Provided records:

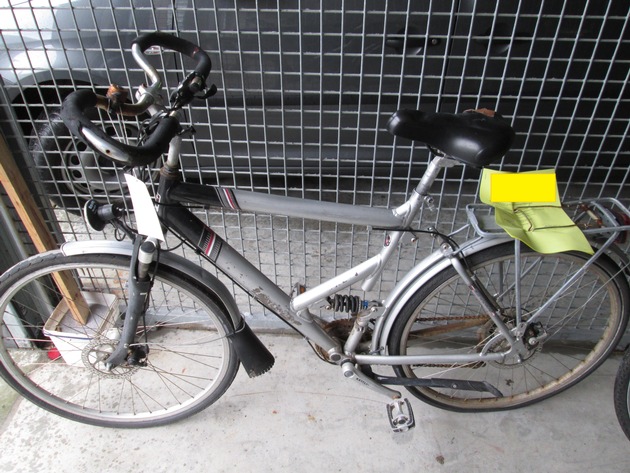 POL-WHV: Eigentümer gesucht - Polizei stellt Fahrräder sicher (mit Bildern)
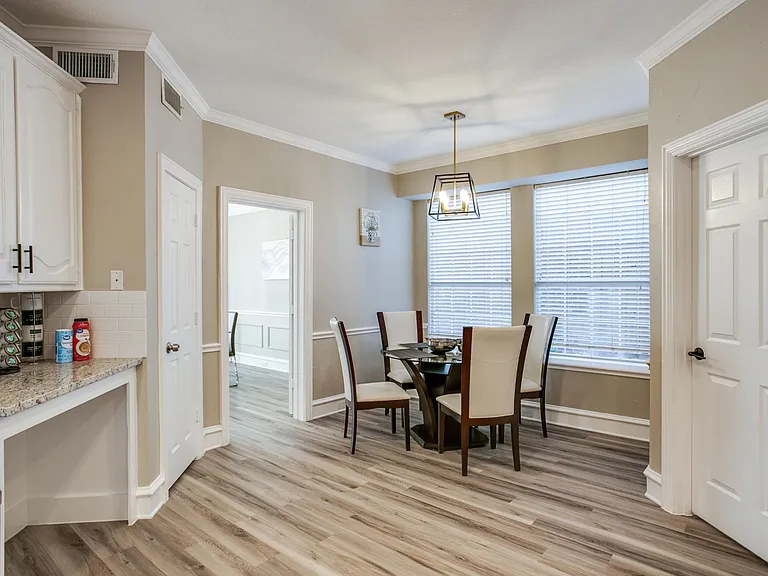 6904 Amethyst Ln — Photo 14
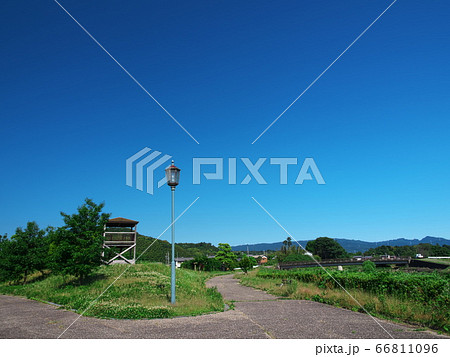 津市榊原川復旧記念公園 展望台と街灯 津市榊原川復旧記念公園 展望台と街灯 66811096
...
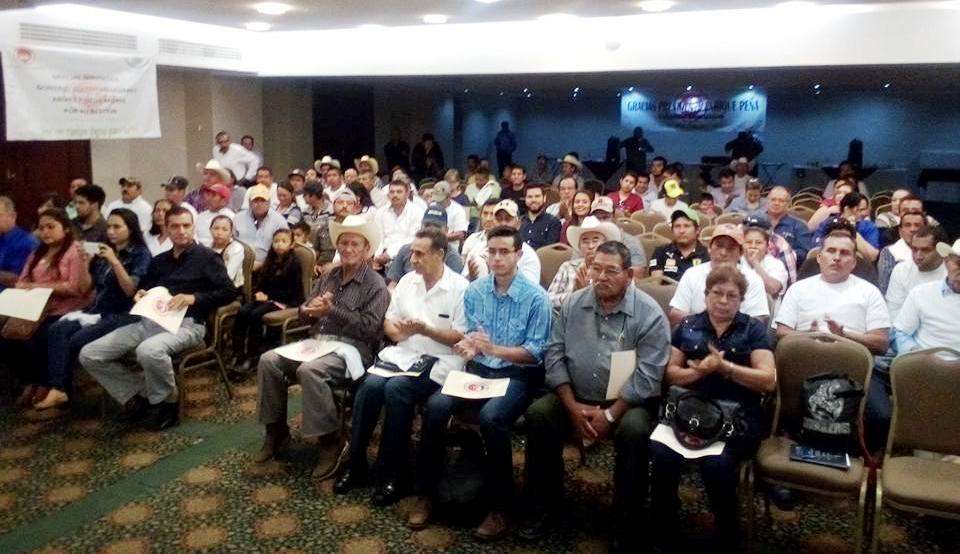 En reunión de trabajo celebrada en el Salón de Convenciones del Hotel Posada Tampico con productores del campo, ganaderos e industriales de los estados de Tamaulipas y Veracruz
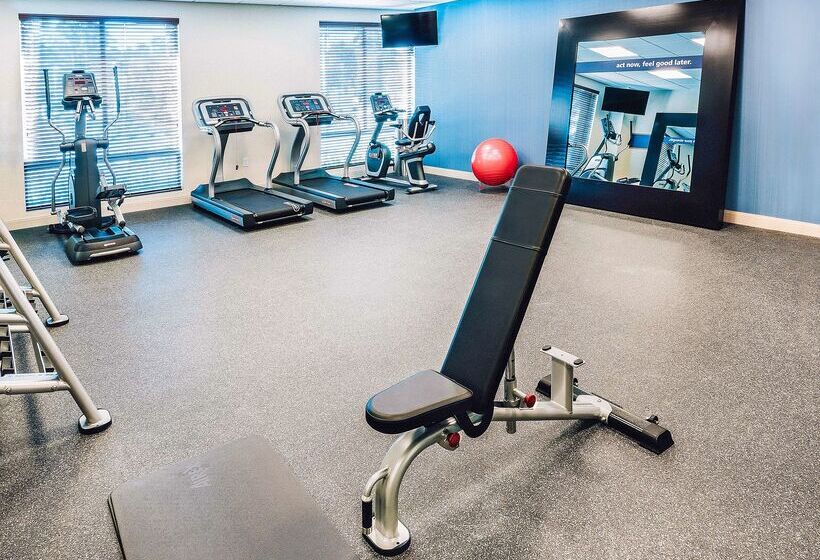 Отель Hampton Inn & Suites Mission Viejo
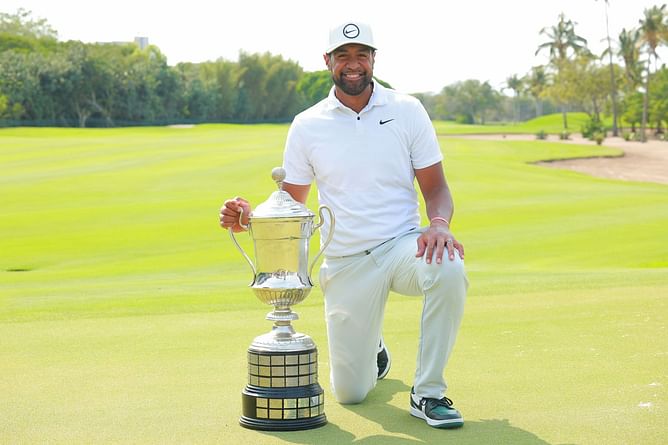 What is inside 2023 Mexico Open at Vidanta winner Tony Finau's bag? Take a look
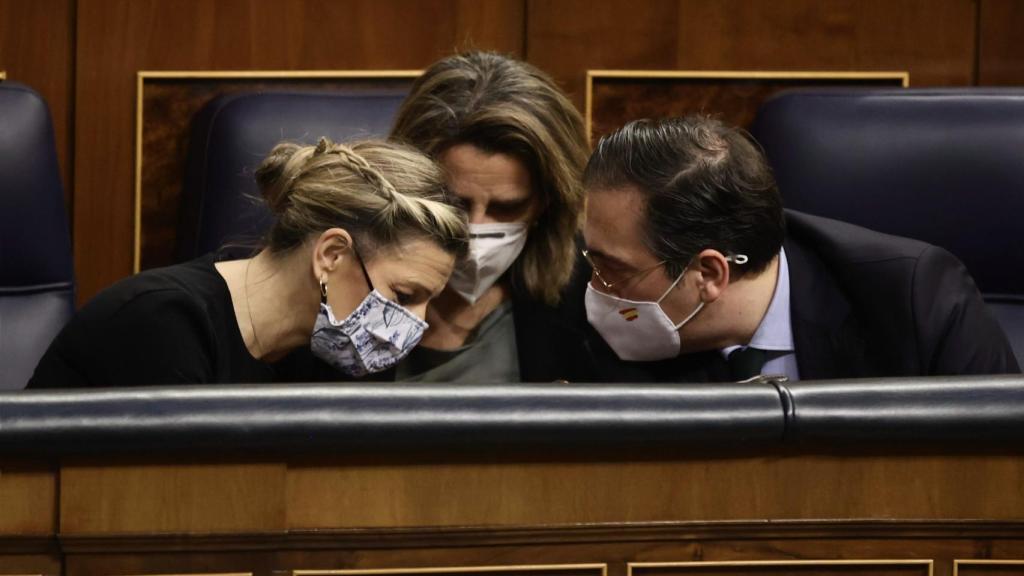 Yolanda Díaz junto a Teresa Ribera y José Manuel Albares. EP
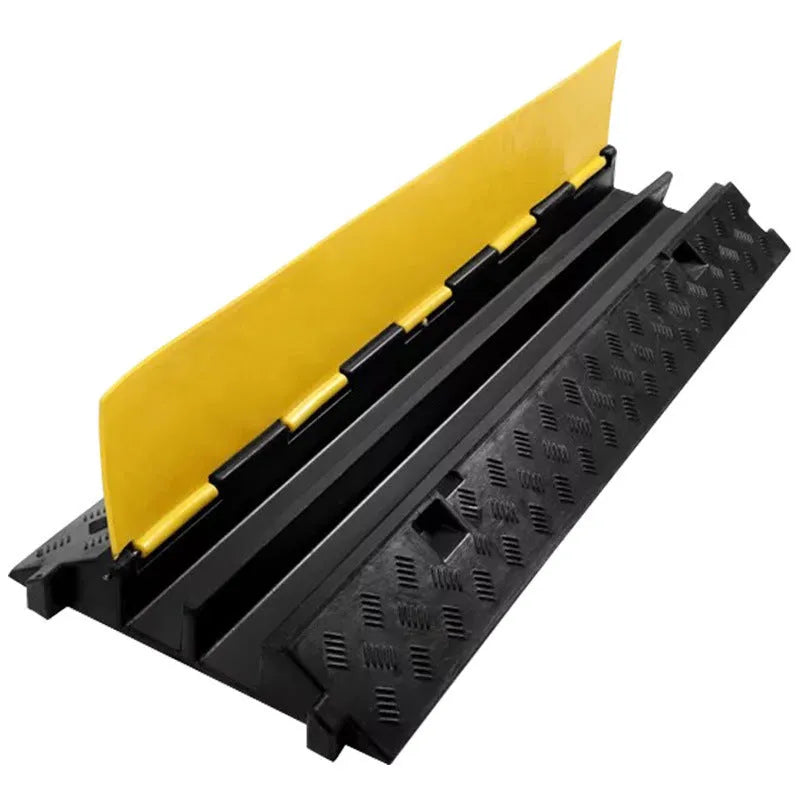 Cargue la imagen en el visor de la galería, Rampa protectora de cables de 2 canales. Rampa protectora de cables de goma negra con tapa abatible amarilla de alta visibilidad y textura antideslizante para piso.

What to do:
Give back exactly the lines of the listing above from the one that contains "POL-WHV: Eigentümer gesucht" up to and including the one that contains "津市榊原川復旧記念公園 展望台と街灯 津市榊原川復旧記念公園", but not the pictures, and no other lines.

Your solution:
 POL-WHV: Eigentümer gesucht - Polizei stellt Fahrräder sicher (mit Bildern)
 6904 Amethyst Ln — Photo 14
 津市榊原川復旧記念公園 展望台と街灯 津市榊原川復旧記念公園 展望台と街灯 66811096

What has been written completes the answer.